─── Supplied information
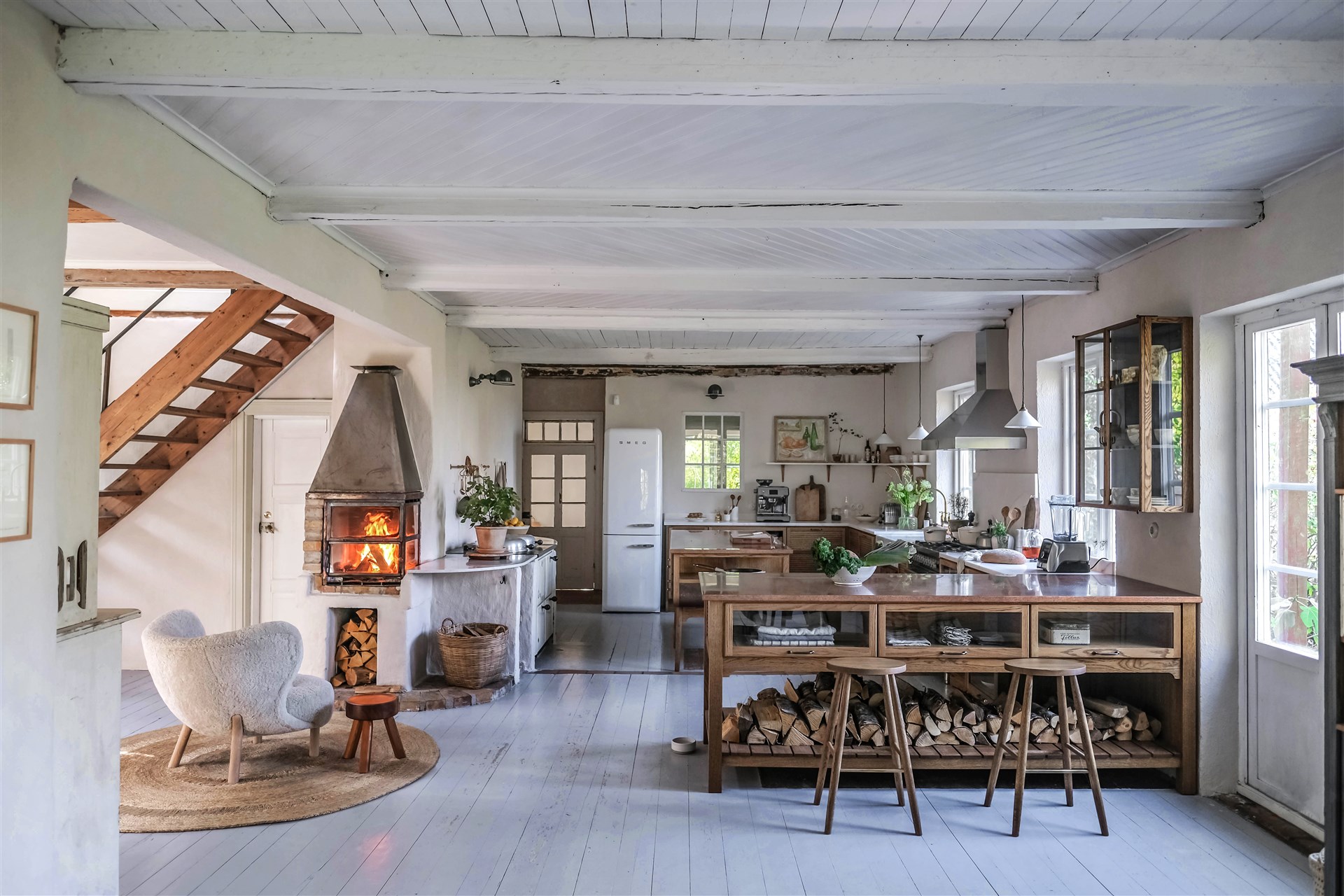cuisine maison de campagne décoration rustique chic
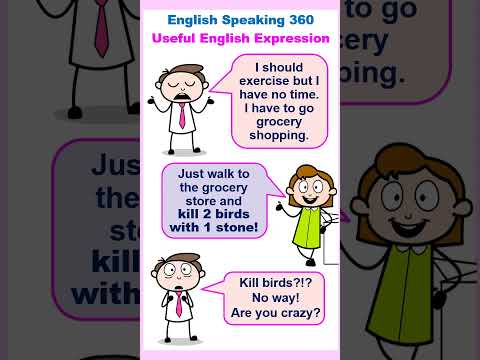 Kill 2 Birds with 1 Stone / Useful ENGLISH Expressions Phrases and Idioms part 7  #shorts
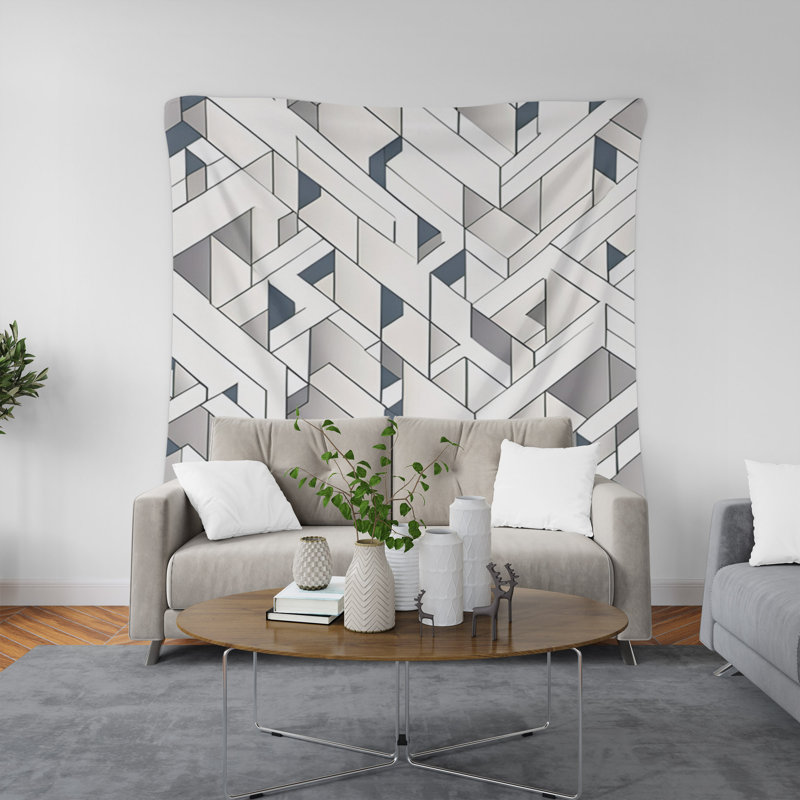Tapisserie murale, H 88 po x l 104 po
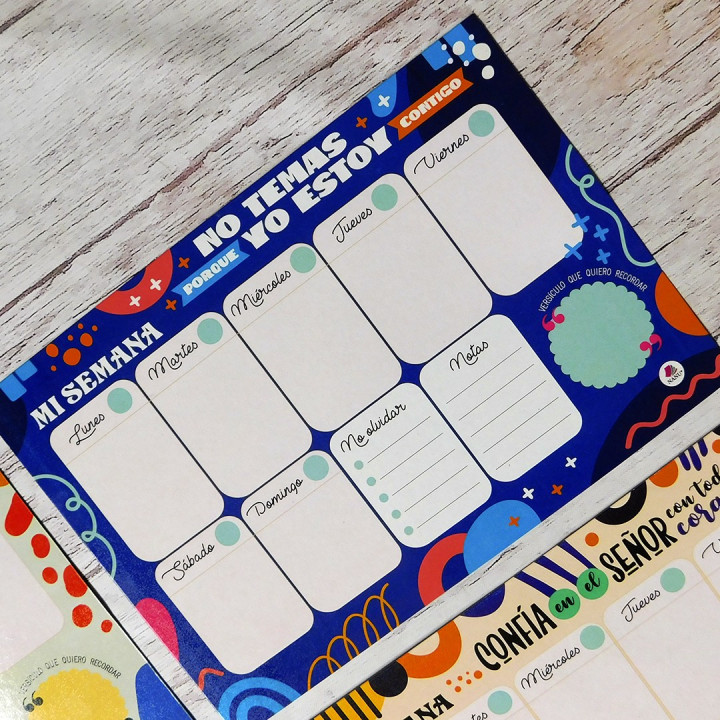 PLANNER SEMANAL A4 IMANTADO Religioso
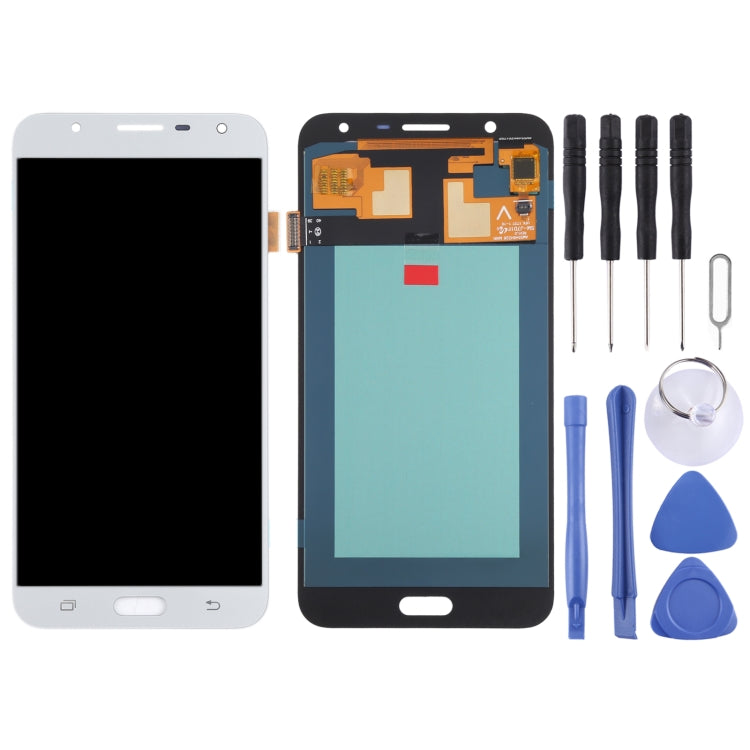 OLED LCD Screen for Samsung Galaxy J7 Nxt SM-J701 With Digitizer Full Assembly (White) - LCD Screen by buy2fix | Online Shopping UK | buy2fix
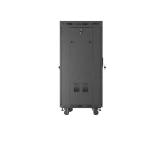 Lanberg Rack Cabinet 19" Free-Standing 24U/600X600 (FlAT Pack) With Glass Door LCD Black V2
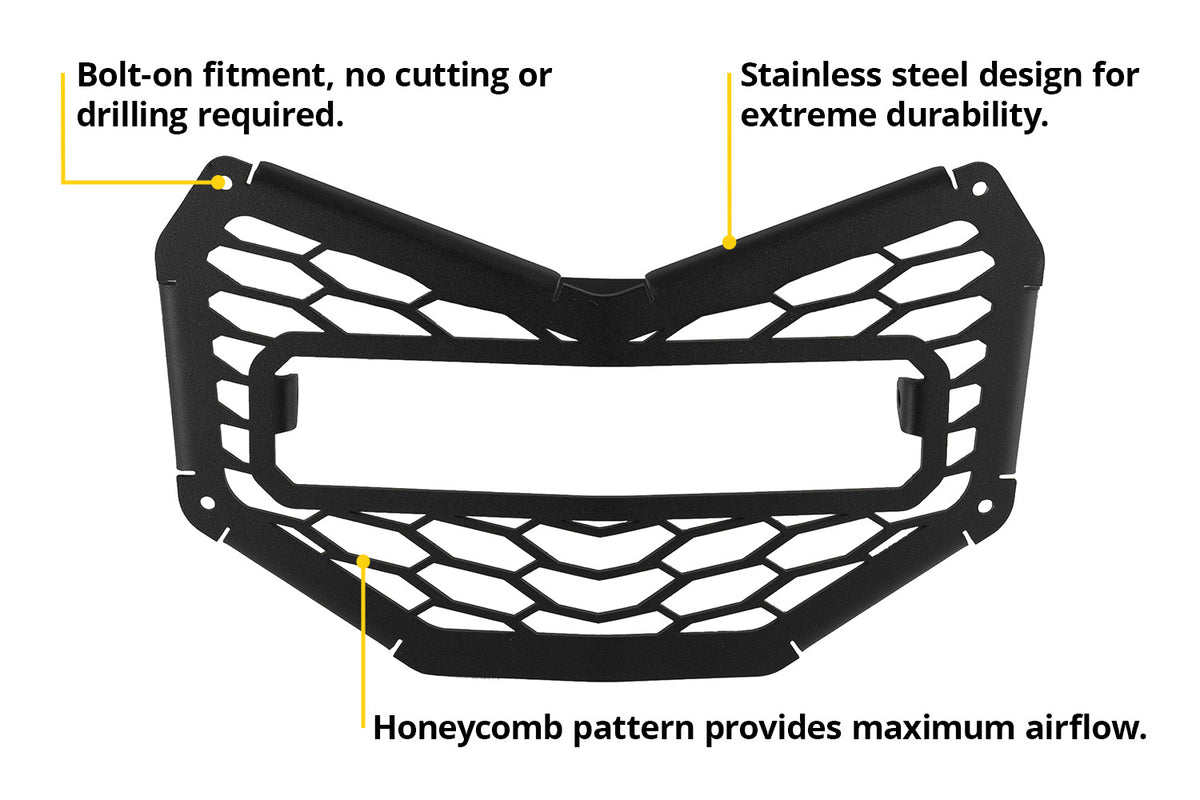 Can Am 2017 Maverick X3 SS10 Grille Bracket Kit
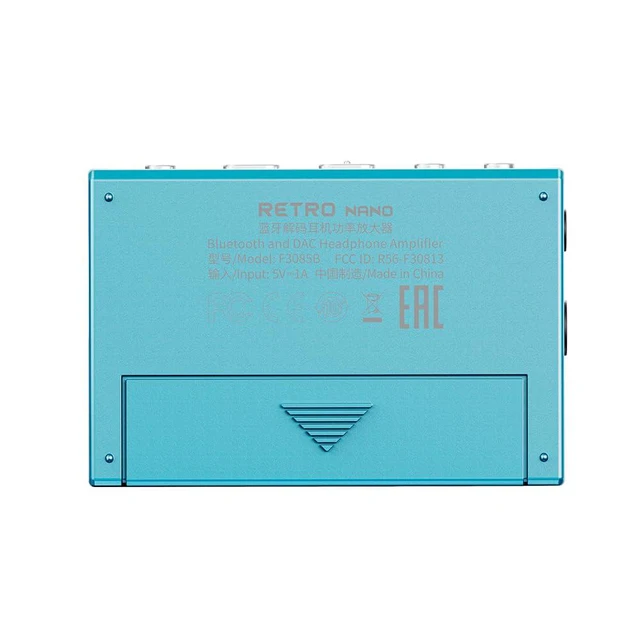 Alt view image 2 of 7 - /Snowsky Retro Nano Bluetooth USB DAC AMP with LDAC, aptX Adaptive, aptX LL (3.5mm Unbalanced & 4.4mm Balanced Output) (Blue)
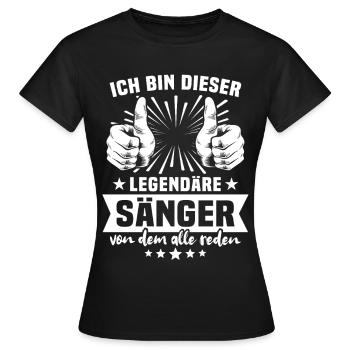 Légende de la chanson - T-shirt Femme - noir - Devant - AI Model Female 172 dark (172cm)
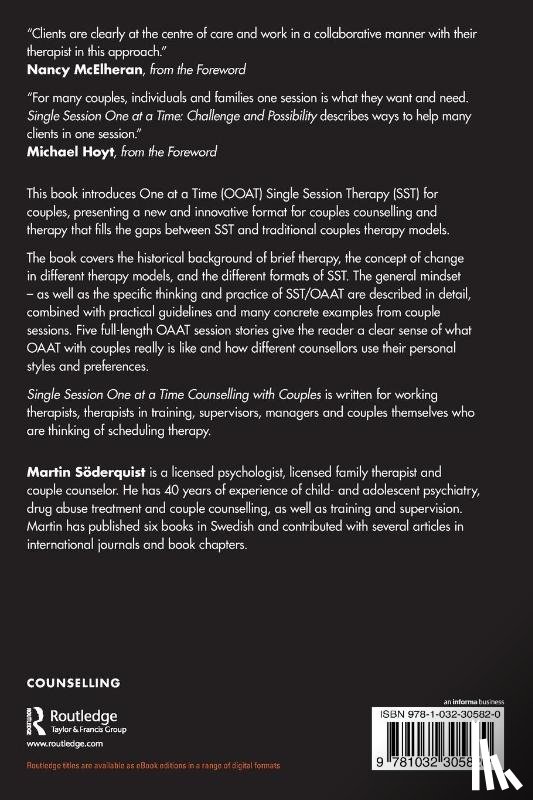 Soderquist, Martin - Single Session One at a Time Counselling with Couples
──────
→ What this task involves
This task calls for the lines from the line holding "OLED LCD Screen" through the last line above, restated word for word with both ends included and the pictures dropped.

→ Your solution
 OLED LCD Screen for Samsung Galaxy J7 Nxt SM-J701 With Digitizer Full Assembly (White) - LCD Screen by buy2fix | Online Shopping UK | buy2fix
 Lanberg Rack Cabinet 19" Free-Standing 24U/600X600 (FlAT Pack) With Glass Door LCD Black V2
 Can Am 2017 Maverick X3 SS10 Grille Bracket Kit
 Alt view image 2 of 7 - /Snowsky Retro Nano Bluetooth USB DAC AMP with LDAC, aptX Adaptive, aptX LL (3.5mm Unbalanced & 4.4mm Balanced Output) (Blue)
 Légende de la chanson - T-shirt Femme - noir - Devant - AI Model Female 172 dark (172cm)
 Soderquist, Martin - Single Session One at a Time Counselling with Couples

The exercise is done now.